For the TCU theatre department, summer without Shakespeare just didn’t seem sweet.
“A community that is as rich in culture and fine arts as Fort Worth, it needs to have a professional Shakespeare company,” said Harry Parker, theatre department chair. “It’s really a dearth.”
Parker and associate theatre professor T. J. Walsh hope to help fill that void with the June 2009 debut of the Trinity Shakespeare Festival at TCU.
“Our goal is to do Shakespeare professionally, and do it well,” said Walsh, the project’s artistic director. “If we do that, this festival can last a long, long time.”
Allied Theatre Group at Stage West brought the Bard to local audiences every summer via the city’s Shakespeare in the Park program. However, the 25-year-old series folded before the 2002 season due to a lack of public funding, the group’s spokesman Jerry Russell wrote in an e-mail.

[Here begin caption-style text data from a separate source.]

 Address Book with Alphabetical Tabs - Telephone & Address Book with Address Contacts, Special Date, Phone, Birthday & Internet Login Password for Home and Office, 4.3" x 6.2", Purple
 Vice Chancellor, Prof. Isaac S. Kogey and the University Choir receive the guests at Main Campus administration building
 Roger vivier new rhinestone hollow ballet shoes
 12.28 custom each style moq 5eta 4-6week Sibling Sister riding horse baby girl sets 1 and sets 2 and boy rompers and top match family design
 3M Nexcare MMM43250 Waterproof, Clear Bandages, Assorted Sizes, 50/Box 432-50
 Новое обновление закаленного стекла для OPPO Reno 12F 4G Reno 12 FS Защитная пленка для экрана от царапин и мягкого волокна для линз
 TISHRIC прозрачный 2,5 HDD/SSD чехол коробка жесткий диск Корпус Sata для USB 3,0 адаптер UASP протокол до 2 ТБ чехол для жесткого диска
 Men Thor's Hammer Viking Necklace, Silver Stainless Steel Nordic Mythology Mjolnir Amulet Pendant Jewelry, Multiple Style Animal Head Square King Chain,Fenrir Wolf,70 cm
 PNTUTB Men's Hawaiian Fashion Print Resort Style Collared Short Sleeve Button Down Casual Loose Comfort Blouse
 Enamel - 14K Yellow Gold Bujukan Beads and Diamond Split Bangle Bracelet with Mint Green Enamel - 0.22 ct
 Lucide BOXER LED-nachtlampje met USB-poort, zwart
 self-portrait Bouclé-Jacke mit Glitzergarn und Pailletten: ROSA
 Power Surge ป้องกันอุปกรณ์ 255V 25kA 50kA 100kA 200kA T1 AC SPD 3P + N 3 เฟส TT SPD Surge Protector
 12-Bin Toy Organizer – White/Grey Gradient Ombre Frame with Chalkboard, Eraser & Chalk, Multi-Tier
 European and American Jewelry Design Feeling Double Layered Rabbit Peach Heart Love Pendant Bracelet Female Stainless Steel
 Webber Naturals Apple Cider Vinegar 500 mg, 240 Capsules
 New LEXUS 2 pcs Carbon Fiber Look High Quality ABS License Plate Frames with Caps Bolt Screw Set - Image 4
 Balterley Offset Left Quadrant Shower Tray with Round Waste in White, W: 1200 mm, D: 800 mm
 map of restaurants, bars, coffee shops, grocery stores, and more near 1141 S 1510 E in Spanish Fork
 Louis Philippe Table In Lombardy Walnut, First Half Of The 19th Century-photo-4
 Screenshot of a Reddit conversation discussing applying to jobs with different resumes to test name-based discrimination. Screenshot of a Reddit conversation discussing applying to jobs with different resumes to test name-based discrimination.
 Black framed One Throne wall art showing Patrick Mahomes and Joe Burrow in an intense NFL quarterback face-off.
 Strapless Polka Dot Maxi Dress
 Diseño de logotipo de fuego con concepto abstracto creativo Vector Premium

This latest take on the Shakespeare summer program is made possible by a grant from the university’s Vision in Action fund, which allocates money to programs that will enhance TCU’s academic profile. Walsh said the university will provide a total of $272,000 to cover production costs during the festival’s first and second year.
“The festival wouldn’t happen if we hadn’t secured the grant,” said Parker, who will act as the event’s managing director. “If we sold every ticket possible for every performance in the summer of 2009, it wouldn’t even come close to meeting our expenses.”
Parker said money from the grant will cover the price tag of hiring professional actors, directors and designers to work alongside TCU theatre students in producing two of Shakespeare’s most popular plays, “Romeo and Juliet” and “Twelfth Night.” The actors will perform the shows in repertory, meaning the same cast will perform in both shows on alternating nights. Saturdays will feature a matinee and an evening show, so theatergoers have the option of seeing both shows in one day. Tickets are expected to sell for about $20.
Anticipation is already building for the festival’s debut.
“People kept asking us when the Shakespeare festival was going to come back,” Walsh said. “It’s tradition. He’s considered the greatest writer in the English language and he needs to be seen.”